Activity | Find "It will work" and "These are the" in the records below. Copy the lines holding them and every line between, exactly, and no others.

Given records |
──────────────────────────────

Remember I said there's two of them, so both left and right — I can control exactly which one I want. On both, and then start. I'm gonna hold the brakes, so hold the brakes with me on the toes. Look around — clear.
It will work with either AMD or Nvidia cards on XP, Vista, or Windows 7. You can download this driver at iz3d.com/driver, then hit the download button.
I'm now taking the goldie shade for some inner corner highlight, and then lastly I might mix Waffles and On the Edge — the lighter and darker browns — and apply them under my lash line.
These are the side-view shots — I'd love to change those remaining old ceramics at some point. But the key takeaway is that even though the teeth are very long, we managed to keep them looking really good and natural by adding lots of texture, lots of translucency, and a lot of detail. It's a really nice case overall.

──────────────────────────────

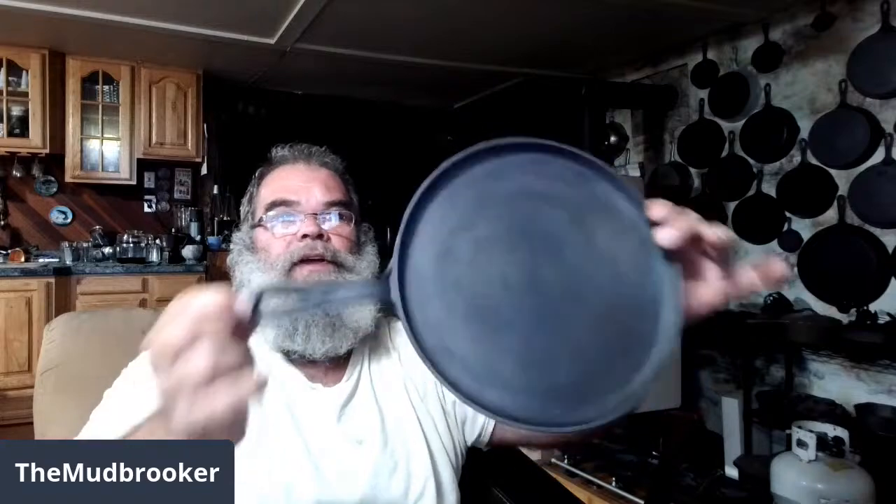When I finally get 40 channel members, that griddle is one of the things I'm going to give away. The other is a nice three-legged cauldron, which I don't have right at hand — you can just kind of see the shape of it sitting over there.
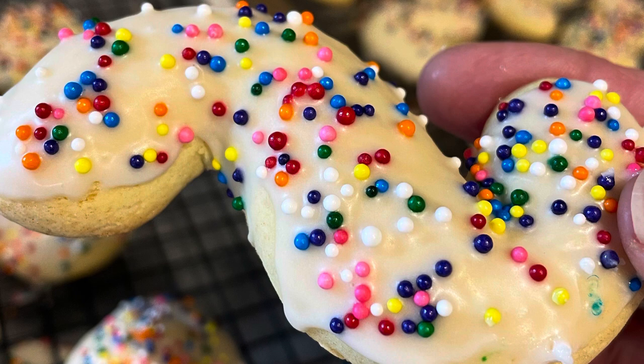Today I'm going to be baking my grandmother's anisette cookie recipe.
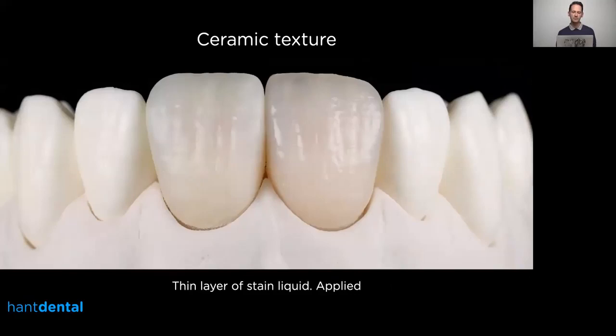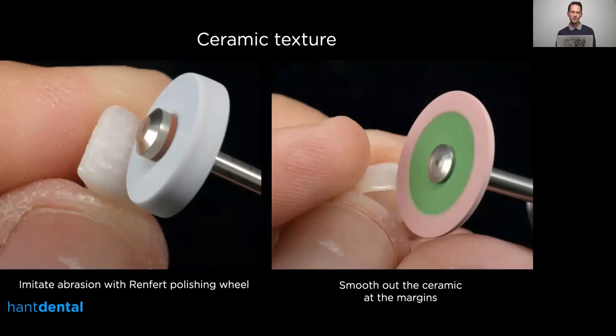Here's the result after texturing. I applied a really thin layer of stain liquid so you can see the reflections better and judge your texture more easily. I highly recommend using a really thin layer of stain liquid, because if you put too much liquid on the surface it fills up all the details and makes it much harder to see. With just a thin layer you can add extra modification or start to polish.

──────────────────────────────

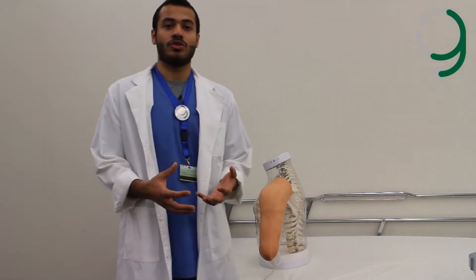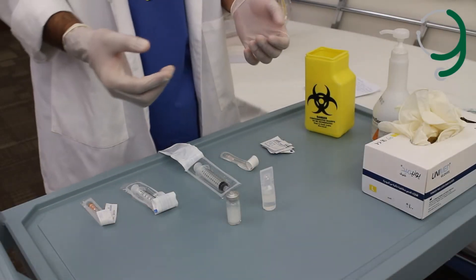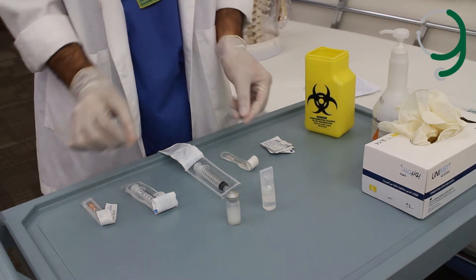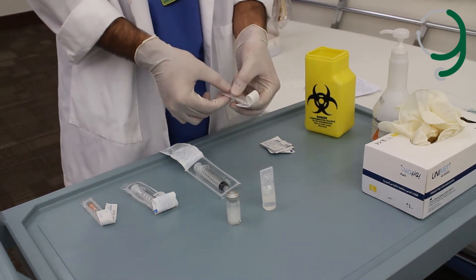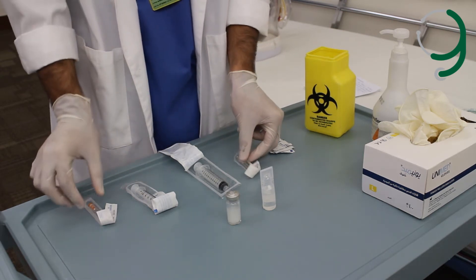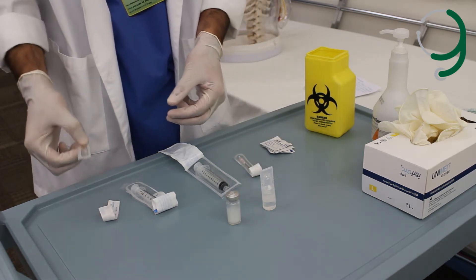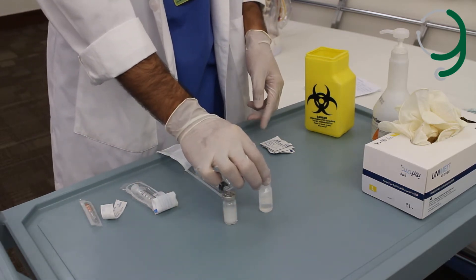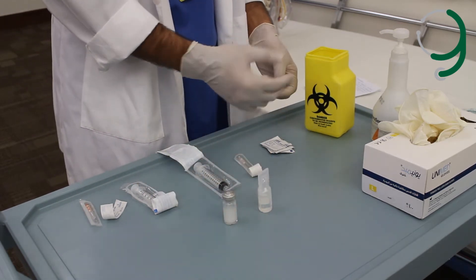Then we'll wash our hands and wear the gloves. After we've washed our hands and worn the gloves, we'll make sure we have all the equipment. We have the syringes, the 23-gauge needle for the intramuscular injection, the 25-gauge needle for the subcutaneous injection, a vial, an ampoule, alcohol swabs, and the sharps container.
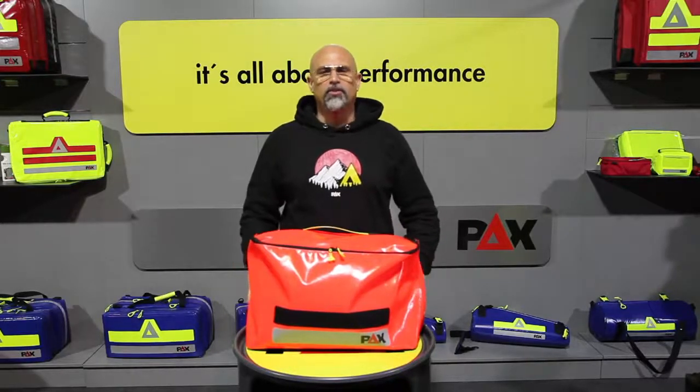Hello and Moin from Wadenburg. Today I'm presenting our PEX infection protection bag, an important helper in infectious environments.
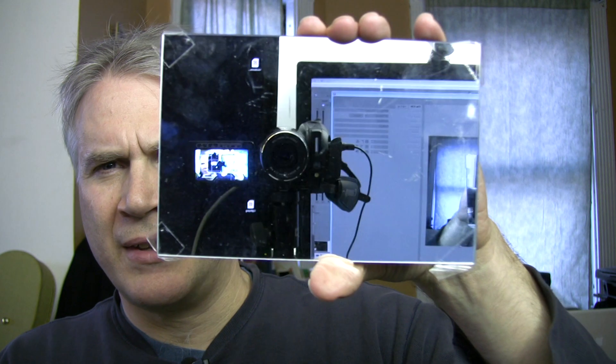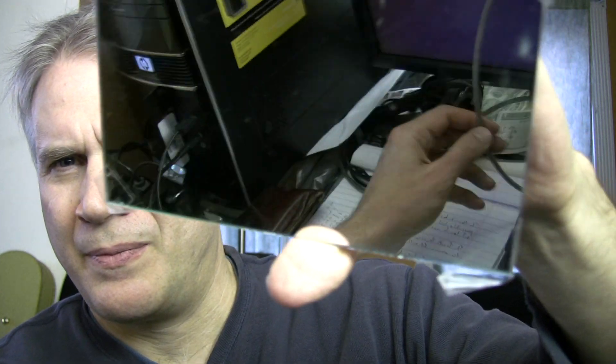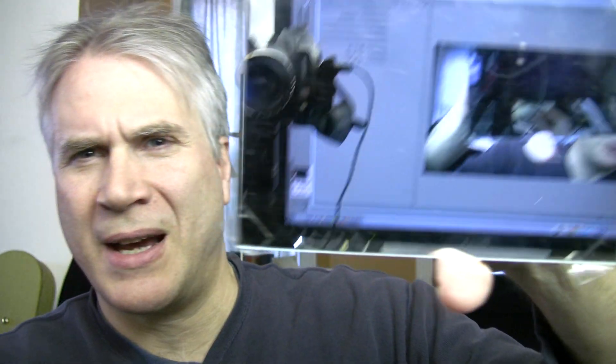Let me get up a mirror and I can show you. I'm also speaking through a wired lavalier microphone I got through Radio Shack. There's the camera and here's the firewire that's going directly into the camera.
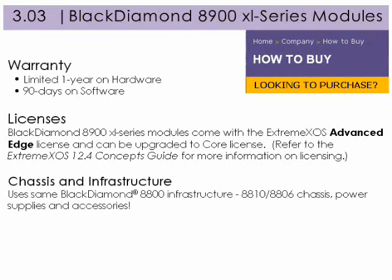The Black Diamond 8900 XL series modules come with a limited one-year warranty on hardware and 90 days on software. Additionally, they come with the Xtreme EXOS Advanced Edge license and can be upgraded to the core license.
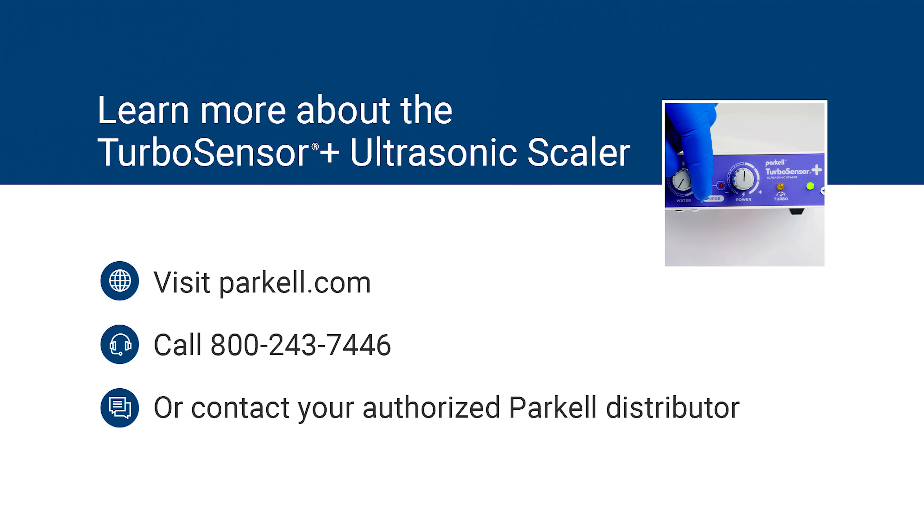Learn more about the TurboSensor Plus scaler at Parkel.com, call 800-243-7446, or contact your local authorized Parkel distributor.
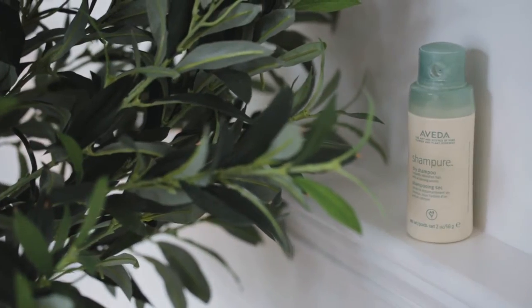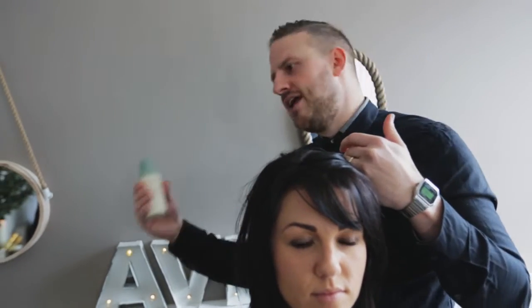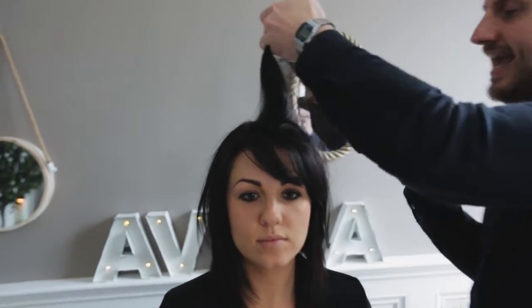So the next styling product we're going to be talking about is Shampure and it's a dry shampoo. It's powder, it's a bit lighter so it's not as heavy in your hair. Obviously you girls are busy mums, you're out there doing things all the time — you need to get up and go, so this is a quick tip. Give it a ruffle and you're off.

──────────────────────────────

Answer space |
It will work with either AMD or Nvidia cards on XP, Vista, or Windows 7. You can download this driver at iz3d.com/driver, then hit the download button.
I'm now taking the goldie shade for some inner corner highlight, and then lastly I might mix Waffles and On the Edge — the lighter and darker browns — and apply them under my lash line.
These are the side-view shots — I'd love to change those remaining old ceramics at some point. But the key takeaway is that even though the teeth are very long, we managed to keep them looking really good and natural by adding lots of texture, lots of translucency, and a lot of detail. It's a really nice case overall.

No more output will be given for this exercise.